Ord. n° 2021-1735, 22 déc. 2021, modernisant le cadre relatif au financement participatif, NOR : ECOT2130795R : JORF n°0298 du 23 décembre 2021

Pour rappel, le règlement (UE) 2020/1503 a créé un nouveau statut européen, celui de prestataire de services de financement participatif (PSFP). Le financement participatif sous forme de prêts ou de titres financiers se fera à terme essentiellement sous ce statut, lequel permettra de commercialiser des offres de financement participatif jusqu’à 5 millions d’euros dans l’ensemble de l’Union européenne, dans les conditions fixées par le règlement.

La création d’un nouveau statut européen

Comme le rappelle le rapport au président de la République, ce règlement couvre la plus grande partie des activités de financement participatif existantes.

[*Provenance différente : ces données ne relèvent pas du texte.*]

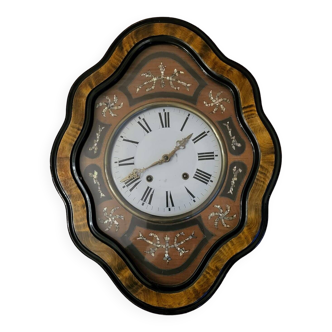 Bull's eye chime clock inlaid with mother-of-pearl Napoleon 3 in good condition 61.5 cm by 48 cm.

Il vise en effet à couvrir toutes les offres sous forme de titres financiers (valeurs mobilières) et de crédits onéreux (prêt avec intérêt, prêt sans intérêt mais avec d’autres avantages financiers), dès lors qu’elles financent des projets de personnes physiques ou morales présentant un profit. Compte tenu de ces caractéristiques, le statut de PSFP a vocation à traiter de la majeure partie des activités de financement participatif sous forme de titres, actuellement réalisées par les conseillers en investissements participatifs (CIP) et les prestataires de services d’investissement (PSI). Ce statut a, par ailleurs, vocation à traiter d’une partie substantielle des activités de financement participatif sous forme de prêts, actuellement réalisées par les intermédiaires en financement participatif (IFP). La présente ordonnance supprime par conséquent le statut de CIP ainsi que la possibilité pour les PSI d’exercer des activités de financement participatif et restreint l’activité des IFP aux prêts à titre gratuit et au don.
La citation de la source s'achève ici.